I. The Message of Job
A. Satan’s challenge is, “Does Job fear God for nothing?”
First of all, what was Satan’s challenge? Satan’s challenge was, “Does Job fear God for nothing?” The answer remarkably is, “no.” Job does not fear God for nothing. But what is the thing that Job gets from his fearing God? What is the benefit he gets from his devotion to God? It is not really his health and his wealth and his children, those are all secondary. They are good, but they are all secondary.
The real benefit Job gets from his fear of God is God Himself. We can get this from the words of Job himself when he was longing for the old days when he said, “Oh, that it was like it was when God was with me, when I would speak to him and he would answer; when God was near to me, God was close to me.” That is the thing Job missed the most. And at the end, his vindication by God is the main point. Getting new children is great. Getting wealthy again is fine. But the important thing is, he knew he was accepted by God. Furthermore, he now as never before, fully understood that God Himself was his hope in a world filled with evil.
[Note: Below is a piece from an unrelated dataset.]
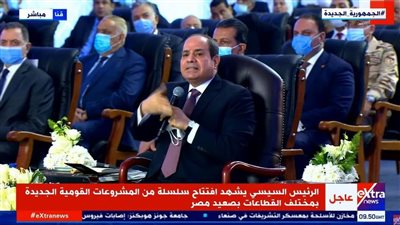الرئيس السيسي يرد على إنفاق 6 مليارات جنيه على تطوير المناطق الصناعية | فيديو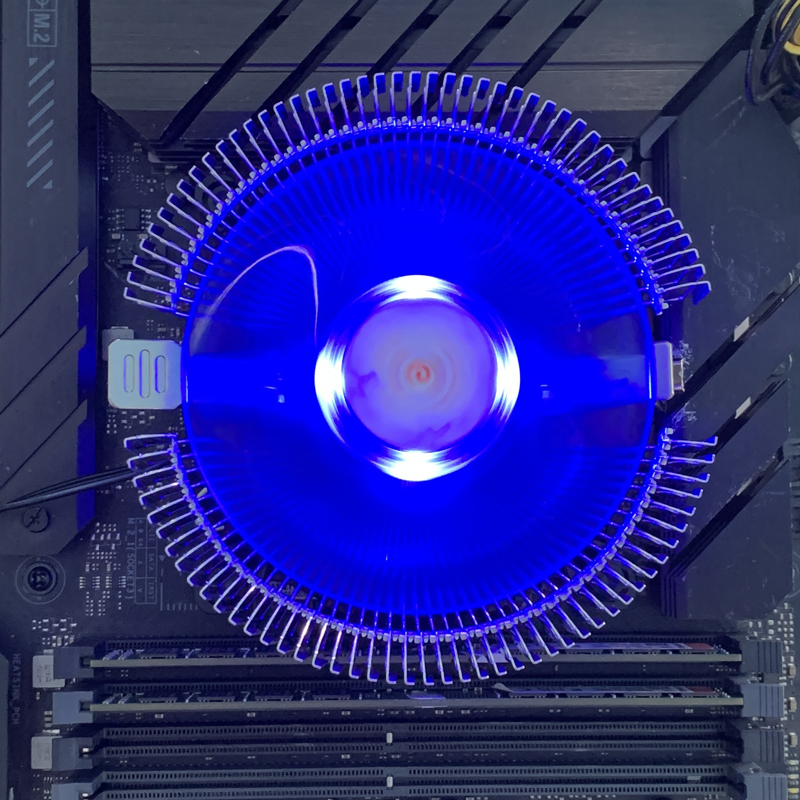 Кулер с воздушным охлаждением  – обзор и цена Cpu Cooler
It is a slight difference, but a very important difference between what Job was before and what Job was after. Before, Job thought in terms of God’s retributive justice as being the answer. People are evil, God punishes them. People are good, God rewards them. But now his hope is fixed much more on the person of God Himself. He is thinking about how God is his hope, how he is simply waiting on God in his own way, in his own time to fulfill the mystery, to do the thing that he talked about and destroy Leviathan. Again, it is not even the idea of destroying Leviathan that is his hope; it is God who does destroy Leviathan. That is his hope.
B. Our hope is in God
We can kind of compare this to our own situation as mortal beings. We are people who are mortal and who are doomed to die. What is our hope? Well, you could say our hope is in the resurrection, and that is true. But I would say it’s a little misleading to say our hope is in the doctrine of the resurrection, as if our hope were an abstract principle.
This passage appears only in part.